++++ DATA SUPPLIED ++++

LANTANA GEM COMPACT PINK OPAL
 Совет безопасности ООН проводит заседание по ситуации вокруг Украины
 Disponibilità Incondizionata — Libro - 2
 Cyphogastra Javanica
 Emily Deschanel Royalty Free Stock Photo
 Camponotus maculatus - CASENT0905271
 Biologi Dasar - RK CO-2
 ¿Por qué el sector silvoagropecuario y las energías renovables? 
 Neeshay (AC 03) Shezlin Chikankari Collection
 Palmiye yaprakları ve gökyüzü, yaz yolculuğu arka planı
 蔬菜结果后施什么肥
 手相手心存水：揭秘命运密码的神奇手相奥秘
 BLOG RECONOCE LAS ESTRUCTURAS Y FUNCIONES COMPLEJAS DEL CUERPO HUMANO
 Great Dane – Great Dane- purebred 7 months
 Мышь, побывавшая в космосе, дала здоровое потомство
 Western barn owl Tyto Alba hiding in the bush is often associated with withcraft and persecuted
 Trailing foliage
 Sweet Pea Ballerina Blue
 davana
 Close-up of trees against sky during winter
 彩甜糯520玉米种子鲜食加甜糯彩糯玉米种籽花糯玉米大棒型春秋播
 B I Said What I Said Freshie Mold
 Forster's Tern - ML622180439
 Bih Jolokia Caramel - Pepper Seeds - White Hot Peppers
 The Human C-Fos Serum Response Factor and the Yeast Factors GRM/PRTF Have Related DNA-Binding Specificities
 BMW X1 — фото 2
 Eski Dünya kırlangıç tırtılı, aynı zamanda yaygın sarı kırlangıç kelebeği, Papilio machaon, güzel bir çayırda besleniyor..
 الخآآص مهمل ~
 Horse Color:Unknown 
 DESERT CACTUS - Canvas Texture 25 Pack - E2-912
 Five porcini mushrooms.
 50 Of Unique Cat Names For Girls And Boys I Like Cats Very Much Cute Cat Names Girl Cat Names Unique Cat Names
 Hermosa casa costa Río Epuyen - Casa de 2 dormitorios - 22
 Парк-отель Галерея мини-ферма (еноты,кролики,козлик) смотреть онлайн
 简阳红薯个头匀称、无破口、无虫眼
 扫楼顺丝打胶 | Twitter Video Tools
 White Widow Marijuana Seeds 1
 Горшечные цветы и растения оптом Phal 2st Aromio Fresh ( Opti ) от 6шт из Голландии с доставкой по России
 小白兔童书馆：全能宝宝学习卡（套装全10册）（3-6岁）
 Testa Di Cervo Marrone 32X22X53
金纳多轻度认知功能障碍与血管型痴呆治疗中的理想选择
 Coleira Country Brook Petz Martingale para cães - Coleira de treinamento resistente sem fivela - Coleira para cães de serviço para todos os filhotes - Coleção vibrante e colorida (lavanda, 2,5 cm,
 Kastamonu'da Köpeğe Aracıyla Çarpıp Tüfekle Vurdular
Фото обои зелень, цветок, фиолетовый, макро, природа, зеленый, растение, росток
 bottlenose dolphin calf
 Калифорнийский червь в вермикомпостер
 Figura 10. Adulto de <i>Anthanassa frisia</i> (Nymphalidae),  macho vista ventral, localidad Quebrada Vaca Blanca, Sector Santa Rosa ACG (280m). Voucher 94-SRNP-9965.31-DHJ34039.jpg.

++++

**GOAL OF THE EXERCISE:** The word "Seeds" occurs in some lines of the data above; report how many such lines there are, with no other words.

**ANSWER TO THE PROBLEM:** 2